The number of positive integer $a,b,c$ satisfying $$a^{b^c}b^{c^a}c^{a^b}=5abc$$ is __
$$a^{b^{c}-1}b^{c^{a}-1}c^{a^{b}-1}=5$$ Since five is prime number so the possible value$a^{b^{c}-1},b^{c^{a}-1},c^{a^{b}-1}$ become $1,1,5$ or $1,5,1$ or $5,1,1$.
Now,I am only solving for $1,1,5$ $$a^{b^{c}-1}=1\qquad b^{c^{a}-1}=1 \qquad c^{a^{b}-1}=5 $$ Now solving these will be yield me satisfying integers.

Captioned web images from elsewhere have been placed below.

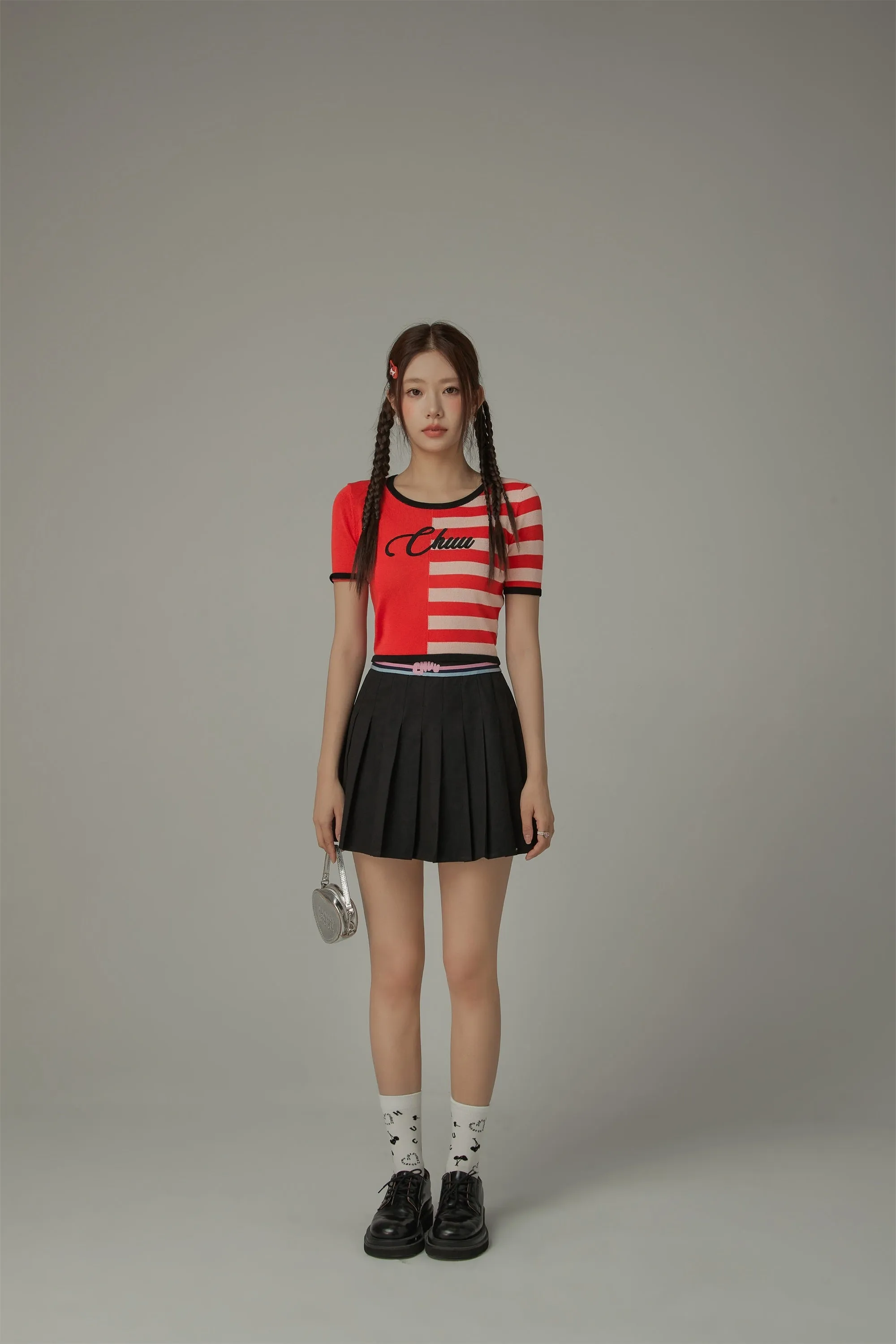 Chuu Lettering Half Striped Colorblocked Knit Crop Top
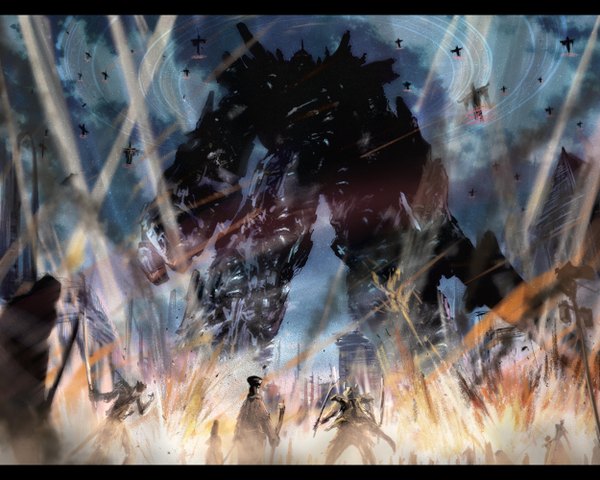 Anime picture 5000x4000 with original pixiv fantasia 108 highres absurdres magic letterboxed giant weapon sword fire mecha magic circle colossus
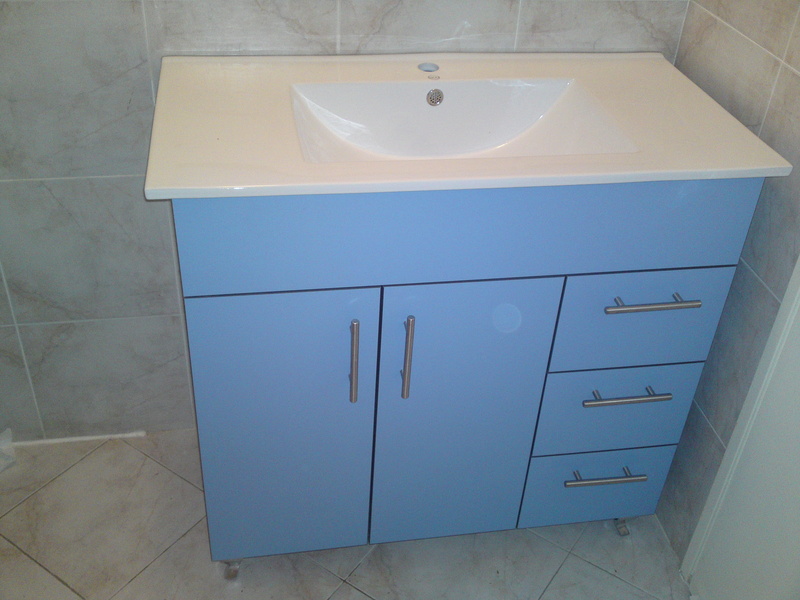 day, high angle view, cabinet, counter, domestic bathroom, home, room, blue, interior, wall - building feature, Faucet, marble, bathroom, plumbing, house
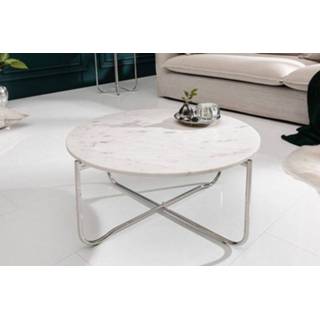 👉 Salon tafel marmer zilver wit Salontafel Noble 62cm - 40361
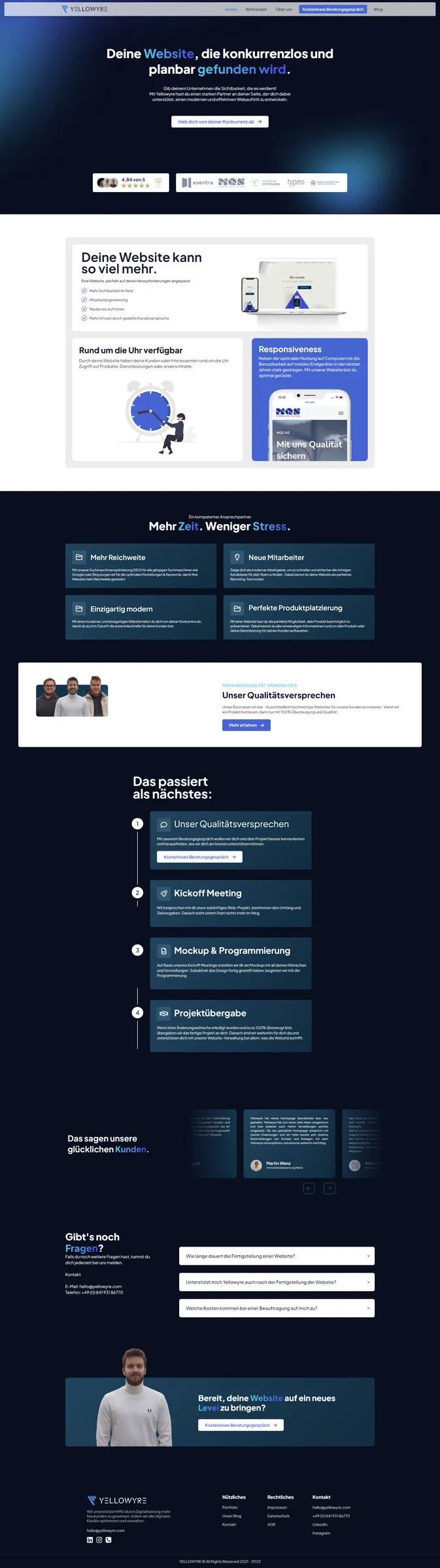 Full-page screenshot of the Yellowyre website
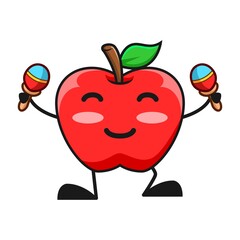 vector illustration of cute apple fruit music or character playing maraca. cute apple fruit Concept White Isolated. Flat Cartoon Style Suitable for Landing Page, Banner, Flyer, Sticker.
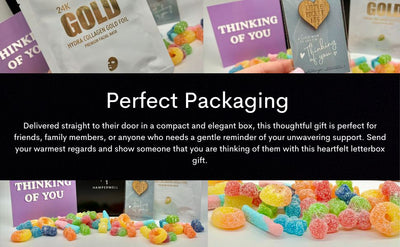 Thinking of You  Letterbox Gift Box with Sweets Packaging Info.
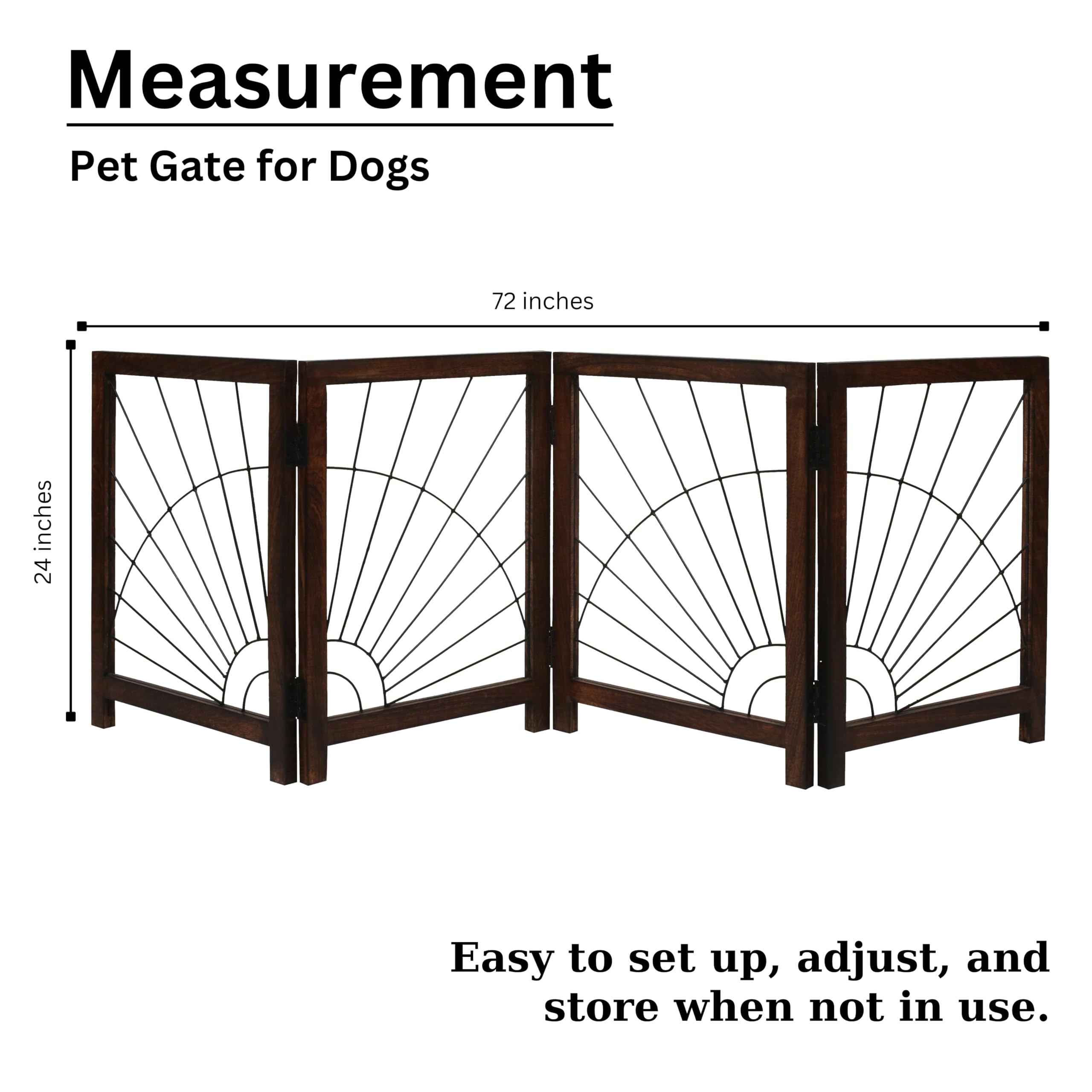 Sunshine Design Foldable Wooden Dog Gate - Indoor, 72 Inch Wide, 4 Panels, Burnt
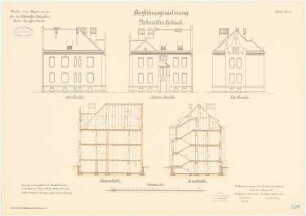 Kaserne für das Luftschiffer-Bataillon, Berlin-Jungfernheide: Verheirateten-Gebäude: Längsschnitt, Querschnitt, Ostansicht, Hofansicht, Straßenansicht 1:100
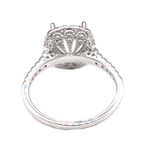 14K White Gold Ring Round 8.5 mm With White Diamonds , Semi-Mount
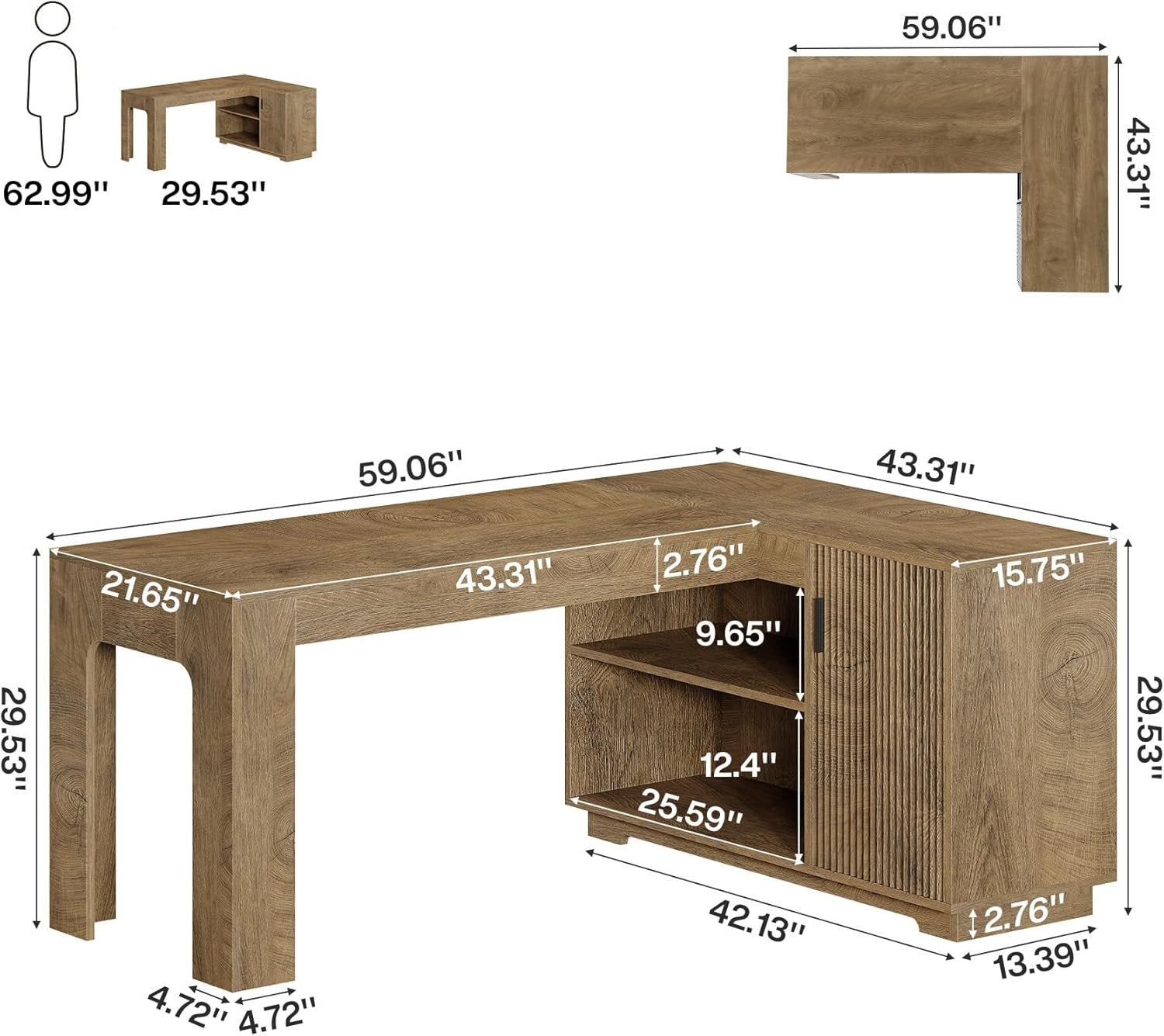 59" L-Shaped Desk with Storage Cabinet, Farmhouse Corner Computer Desk with Open Storage Shelves for Office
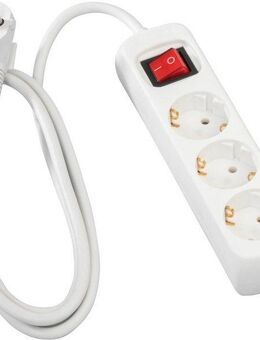 Hama Mehrfachsteckdose, 3-fach, Steckerleiste mit Schalter, 3 m Kabel, weiß Steckdosenleiste 3-fach (Kabellänge 3 m), Mehrfachsteckdose, Steckerleiste mit Schalter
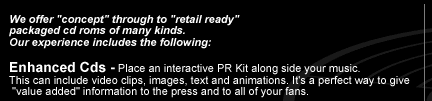 we offer concept through to retail ready packaged cd roms of many kinds. 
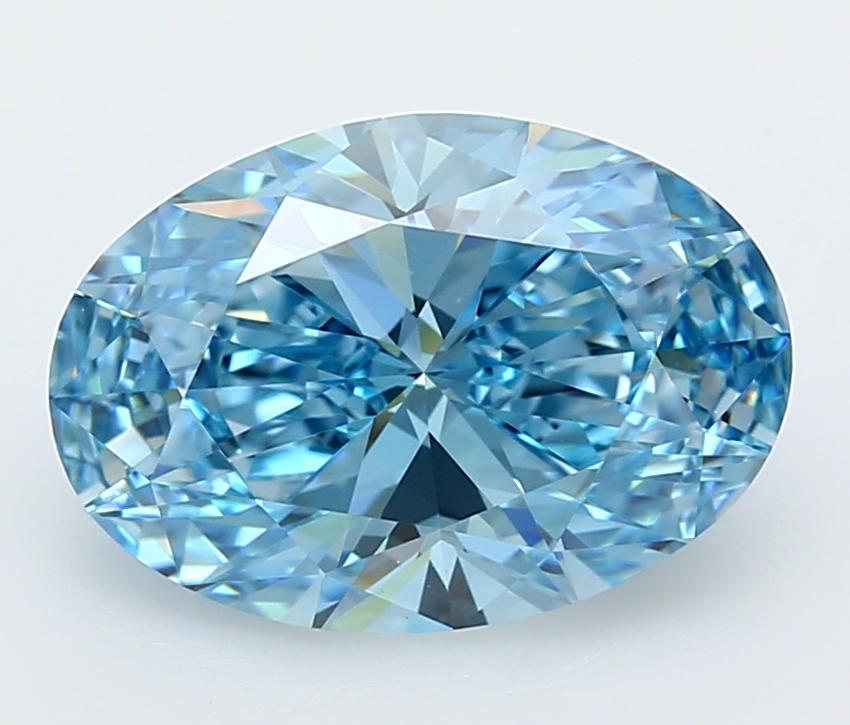 5.01 Ct. Fancy Vivid  Blue Oval Lab Grown Diamond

I just want to know, is there any other formal way to do so? Above work is just for that I have tried the question.
If $a,b,c\geq2$, then $a^{b^c} \geq a^4 \geq 8a$, $b^{c^a} \geq b^4 \geq 8b$, $c^{a^b} \geq c^4 \geq 8c$, so $$a^{b^c}b^{c^a}c^{a^b} \geq 512abc > 5abc$$
So $a=1$, $b=1$, or $c=1$. You can handle these cases easily.
I'll just do $c=1$ (rest goes similarily), which gives: $a^bb=5ab$, so $a^b=5a$, which means that $a=5$ and $b=2$.
Your work is fine, by the way.